What does Jinnan mean?

In Japanese History on March 9, 2020 at 4:52 pm

神南
Jinnan (southern spirit; more at “south of the shrine”)

jinnan shibuya
Last time, we explored 宇田川町 Udagawa-chō Udagawa-chō which is located in 渋谷 Shibuya Shibuya. One of the points I hoped to start to convey is that place names in 東京 Tōkyō Tōkyō are far more complicated than you’d think at an initial glance. When most people say “Shibuya,” they could be referring to the train station and its immediate surroundings. That said, they could also be referring to the larger administrative district known as 渋谷区 Shibuya-ku Shibuya Ward. You’ve probably never heard anyone refer to Udagawachō or 神南 Jinnan Jinnan, yet people living in Shibuya will probably recognize these place names, even if they don’t use them regularly. But lucky for you, we’re going to do a deep dive into the real Shibuya.

Just a quick refresher on your Edo-Tōkyō history. When we get this far west, we’re talking about an area that was straight up rice paddies as far as the eye could see – suburban at best. The area had two major influxes. The first was after the 1923 関東大震災 Kantō Daishinsai Great Kantō Earfquake. The second was after Japan’s defeat in World War II in 1945. I like driving this point home again and again because today, Shibuya is a straight up city center. 70 years ago, things would’ve been very different. 100 years ago… whoa, even more different. 150 years ago, you’d just see farmers.

Further Reading:

shibuya magnet 109 mens

109 Mens/Shibuya Magnet

Let’s Look at the Kanji


kami; kan, ; shin/jin

kami (a supernatural being; diety) worshipped at a shrine;
the Japanese emperor (under the system of “State Shintō” – roughly 1868-1945)


minami; nan

south

Now that we know the kanji, I can give you the TL;DR explanation. Jinnan simply means “south of the shrine.” Knowing that the first character can be a reference to the emperor, particularly between 1868 and 1945, I think some of you familiar with Shibuya Ward probably have an idea where this is going. For those of you who don’t and those of you who want to know the whole story, let’s dig into it.

jinnan kafe

Jinnan Cafe in Shibuya

Once Upon a Shrine

In 1868, the last shogun 徳川慶喜 Tokugawa Yoshinobu relinquished control of his capital 江戸 Edo Edo and his seat of government 江戸城 Edo-jō Edo Castle.

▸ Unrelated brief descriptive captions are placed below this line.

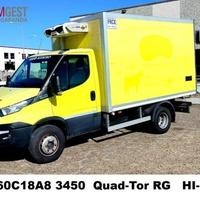 IVECO Daily 60C18 A8 BTor 3.0 HPT FRIGO Hi-Matic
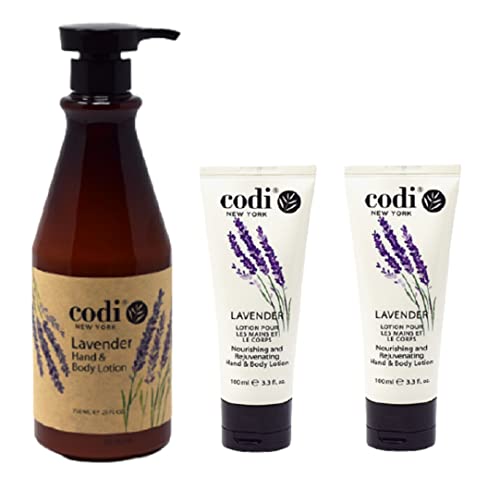 Codi Lavender Hand and Body Lotion - 25 fl oz Moisturizer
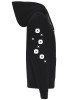 TORG Hooded zip sweat ST722 Design 1/ Black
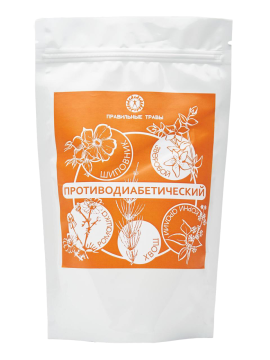Правильные травы, Сбор «Противодиабетический», 150 г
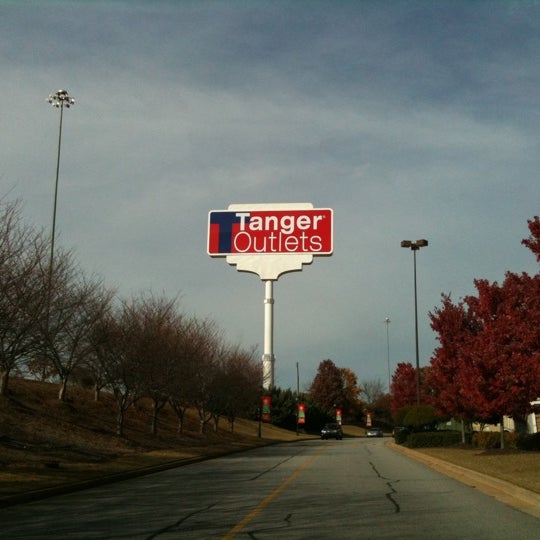 Photo taken at Tanger Outlet Locust Grove by Heather S. on 11/12/2011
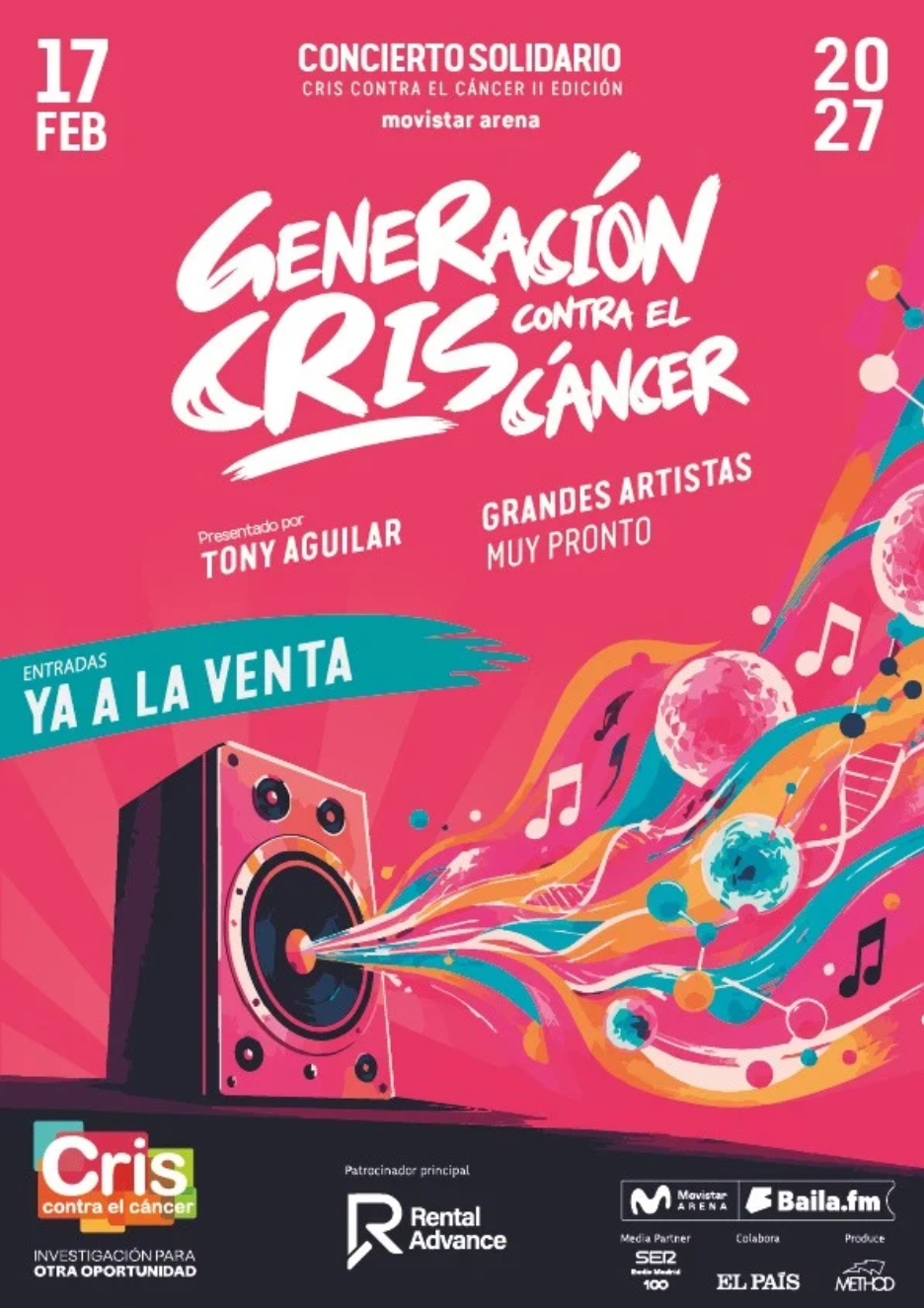 Concierto Solidario — Cris Contra El Cáncer
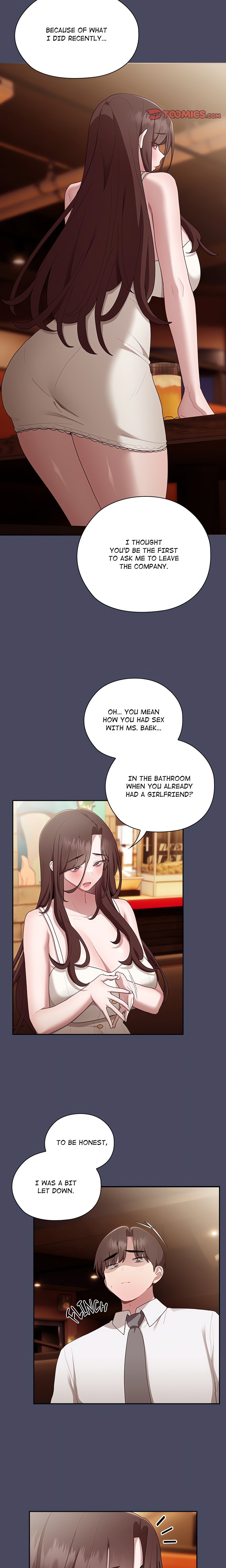 Troublesome Employee Warning (Uncensored) Chapter 27 Page 10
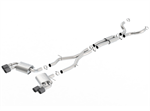 BORLA 140687CF Exhaust System Kit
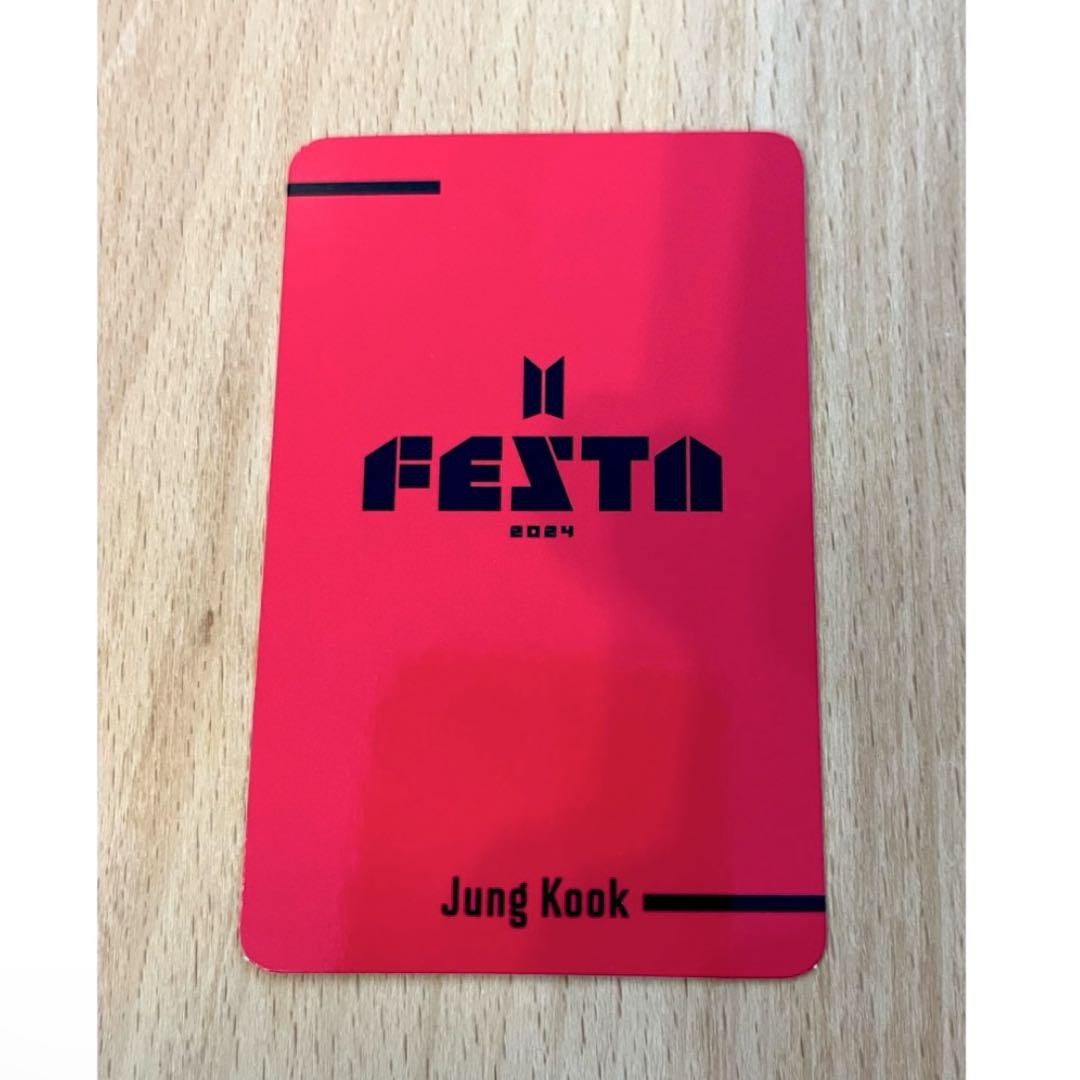 BTS ホソク 2024 FESTA ARMY ZONE トレカ BTS Festa 2024 Army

The recently ascended 明治天皇 Meiji Tennō Meiji Emperor made the long journey from his palace in 京 Kyō the “Capital”[i] to Edo, which was soon renamed 東京 Tōkyō the “Eastern Capital.” As we all know, this was the beginning of the 明治時代 Meiji Jidai Meiji Period. This emperor reigned for a unusually long time – more than 40 years! – which saw Japan transform itself from an isolated “feudal” society into a “westernized” industrial society asserting itself on the global stage by creating a “western style” empire in East Asia[ii]. While the rest of Asia was being overrun by western imperialist powers, Japan had a lot to be proud of. It was a success story in a part of the world that to this day has many countries that are still “developing.”[iii]

Emperor Meiji Dammit

The Meiji Emperor during a fit of constipation

Then the unthinkable happened. Around midnight on July 29th, 1912 (Meiji 44)[iv] at the age of 59[v], the Meiji Emperor left this mortal coil for the first (and last) time. Not only were his wife, 昭憲皇后 Shōken Kōgō Empress Shōken[vi], and his five official concubines[vii] heartbroken, but an entire nation went into mourning. Afterall, this was a descendant of 天照大御神 Amaterasu-no-Ōkami the sun goddess. He had presided over an unprecedented social, economic, political, and technological revolution. People who remembered the final days of the Tokugawa Shōgunate were geriatrics – and there weren’t many of them left, to be sure. Under the leadership of the first “hands on” emperor[viii] in almost a thousand years, Japan had reinvented itself and its society. The institution of the Chrysanthemum Throne was exalted in religious terms that rejected Buddhism as a foreign religion adopted by the samurai of past and placed the emperor at the head of Japan’s native spiritual cults under the banner something we now call 国家神道 Kokka Shintō State Shintō[ix]. The death of the Meiji Emperor was so traumatic, that one of his top generals, 野木丸介 Nogi Marusuke Nogi Marusuke, forced is wife to “commit suicide” before he killed himself in an act of 殉死 junshi following one’s lord to the grave.

Further Reading:

Emperor Meiji Grave

Emperor Meiji’s burial mound in Kyōto

Establishment of Meiji Shrine

Although the Meiji Emperor died in 1912 and his empress in 1914, no major shrine was erected immediately following their passing. They were interred in a Shintō-style burial mound, reminiscent of 古墳 kofun kofun[x], in Kyōto where emperors had been buried since the Heian Period. Because of empire building and the subsequent foreign wars that came along with all that and the massive tragedy of the Great Kantō Earfquake in 1923, the government had a full plate, so building a major shrine in Tōkyō was put on the backburner.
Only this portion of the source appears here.